Give back exactly the lines of the entries below from the line with "Qiek Medium Square" to the line with "Calfnero Women's Genuine", inclusive, and only those.
*** Opening Exercise materials ***
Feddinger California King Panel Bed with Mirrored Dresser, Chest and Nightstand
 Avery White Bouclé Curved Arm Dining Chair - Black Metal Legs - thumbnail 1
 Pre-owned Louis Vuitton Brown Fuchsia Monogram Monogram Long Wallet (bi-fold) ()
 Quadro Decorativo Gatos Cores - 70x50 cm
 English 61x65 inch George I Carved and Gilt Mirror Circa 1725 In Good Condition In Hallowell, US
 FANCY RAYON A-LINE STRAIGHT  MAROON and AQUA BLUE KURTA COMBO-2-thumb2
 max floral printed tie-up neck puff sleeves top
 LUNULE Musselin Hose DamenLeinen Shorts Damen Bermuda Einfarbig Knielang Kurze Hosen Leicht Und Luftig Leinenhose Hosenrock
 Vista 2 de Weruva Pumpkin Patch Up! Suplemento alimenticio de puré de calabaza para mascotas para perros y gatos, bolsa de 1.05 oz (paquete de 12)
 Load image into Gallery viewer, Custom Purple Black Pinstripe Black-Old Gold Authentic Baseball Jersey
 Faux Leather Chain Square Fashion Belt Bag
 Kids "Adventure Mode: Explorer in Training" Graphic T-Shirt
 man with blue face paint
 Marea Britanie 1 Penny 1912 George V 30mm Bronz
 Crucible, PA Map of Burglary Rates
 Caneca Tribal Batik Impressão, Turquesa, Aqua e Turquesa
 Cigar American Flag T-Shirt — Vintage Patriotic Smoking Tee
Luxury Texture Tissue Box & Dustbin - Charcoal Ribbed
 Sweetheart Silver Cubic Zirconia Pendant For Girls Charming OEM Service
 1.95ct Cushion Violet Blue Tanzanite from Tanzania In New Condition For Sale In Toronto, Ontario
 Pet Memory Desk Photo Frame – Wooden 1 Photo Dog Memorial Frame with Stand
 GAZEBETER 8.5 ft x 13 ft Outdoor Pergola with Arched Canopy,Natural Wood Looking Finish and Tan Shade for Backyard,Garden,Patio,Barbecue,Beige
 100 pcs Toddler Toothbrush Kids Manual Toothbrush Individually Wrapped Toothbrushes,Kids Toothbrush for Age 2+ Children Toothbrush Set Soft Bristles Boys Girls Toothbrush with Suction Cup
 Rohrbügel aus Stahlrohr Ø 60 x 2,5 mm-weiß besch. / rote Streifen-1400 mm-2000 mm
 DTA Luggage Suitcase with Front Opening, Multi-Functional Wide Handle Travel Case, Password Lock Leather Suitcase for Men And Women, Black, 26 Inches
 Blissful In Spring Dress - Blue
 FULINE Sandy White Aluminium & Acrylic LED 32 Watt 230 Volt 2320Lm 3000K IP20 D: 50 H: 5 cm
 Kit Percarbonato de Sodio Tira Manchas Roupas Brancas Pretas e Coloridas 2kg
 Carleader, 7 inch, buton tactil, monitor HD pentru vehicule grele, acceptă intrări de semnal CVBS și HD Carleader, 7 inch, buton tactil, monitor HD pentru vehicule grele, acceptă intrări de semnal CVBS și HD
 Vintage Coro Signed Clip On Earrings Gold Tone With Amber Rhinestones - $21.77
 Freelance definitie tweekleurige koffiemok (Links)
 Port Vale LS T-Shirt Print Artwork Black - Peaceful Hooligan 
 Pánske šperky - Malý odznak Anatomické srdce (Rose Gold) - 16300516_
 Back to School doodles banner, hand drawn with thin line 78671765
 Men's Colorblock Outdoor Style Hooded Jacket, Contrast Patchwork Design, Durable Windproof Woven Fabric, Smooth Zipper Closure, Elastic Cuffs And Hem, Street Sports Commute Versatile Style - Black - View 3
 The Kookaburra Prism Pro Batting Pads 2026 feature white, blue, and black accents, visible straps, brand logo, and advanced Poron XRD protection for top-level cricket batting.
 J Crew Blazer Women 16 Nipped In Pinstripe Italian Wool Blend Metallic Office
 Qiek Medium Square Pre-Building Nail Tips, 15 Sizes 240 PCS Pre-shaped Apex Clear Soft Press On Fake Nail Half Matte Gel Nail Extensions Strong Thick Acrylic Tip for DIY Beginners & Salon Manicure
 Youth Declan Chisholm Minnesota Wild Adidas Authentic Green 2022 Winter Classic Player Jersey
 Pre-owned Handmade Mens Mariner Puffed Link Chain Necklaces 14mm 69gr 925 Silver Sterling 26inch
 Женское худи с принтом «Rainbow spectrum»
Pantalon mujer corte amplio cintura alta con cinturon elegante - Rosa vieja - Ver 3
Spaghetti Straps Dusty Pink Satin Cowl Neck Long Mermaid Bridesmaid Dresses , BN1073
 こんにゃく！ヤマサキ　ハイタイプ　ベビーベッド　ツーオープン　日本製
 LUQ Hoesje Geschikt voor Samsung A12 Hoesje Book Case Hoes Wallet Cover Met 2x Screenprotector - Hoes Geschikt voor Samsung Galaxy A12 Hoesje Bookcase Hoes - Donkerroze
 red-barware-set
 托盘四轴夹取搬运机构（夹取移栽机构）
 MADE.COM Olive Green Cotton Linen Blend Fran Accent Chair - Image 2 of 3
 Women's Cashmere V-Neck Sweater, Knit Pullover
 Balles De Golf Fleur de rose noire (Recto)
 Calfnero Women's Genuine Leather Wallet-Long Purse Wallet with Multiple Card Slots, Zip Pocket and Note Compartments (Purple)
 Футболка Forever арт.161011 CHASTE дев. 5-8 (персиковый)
*** Closing Exercise materials ***
# [Task response]
 Qiek Medium Square Pre-Building Nail Tips, 15 Sizes 240 PCS Pre-shaped Apex Clear Soft Press On Fake Nail Half Matte Gel Nail Extensions Strong Thick Acrylic Tip for DIY Beginners & Salon Manicure
 Youth Declan Chisholm Minnesota Wild Adidas Authentic Green 2022 Winter Classic Player Jersey
 Pre-owned Handmade Mens Mariner Puffed Link Chain Necklaces 14mm 69gr 925 Silver Sterling 26inch
 Женское худи с принтом «Rainbow spectrum»
Pantalon mujer corte amplio cintura alta con cinturon elegante - Rosa vieja - Ver 3
Spaghetti Straps Dusty Pink Satin Cowl Neck Long Mermaid Bridesmaid Dresses , BN1073
 こんにゃく！ヤマサキ　ハイタイプ　ベビーベッド　ツーオープン　日本製
 LUQ Hoesje Geschikt voor Samsung A12 Hoesje Book Case Hoes Wallet Cover Met 2x Screenprotector - Hoes Geschikt voor Samsung Galaxy A12 Hoesje Bookcase Hoes - Donkerroze
 red-barware-set
 托盘四轴夹取搬运机构（夹取移栽机构）
 MADE.COM Olive Green Cotton Linen Blend Fran Accent Chair - Image 2 of 3
 Women's Cashmere V-Neck Sweater, Knit Pullover
 Balles De Golf Fleur de rose noire (Recto)
 Calfnero Women's Genuine Leather Wallet-Long Purse Wallet with Multiple Card Slots, Zip Pocket and Note Compartments (Purple)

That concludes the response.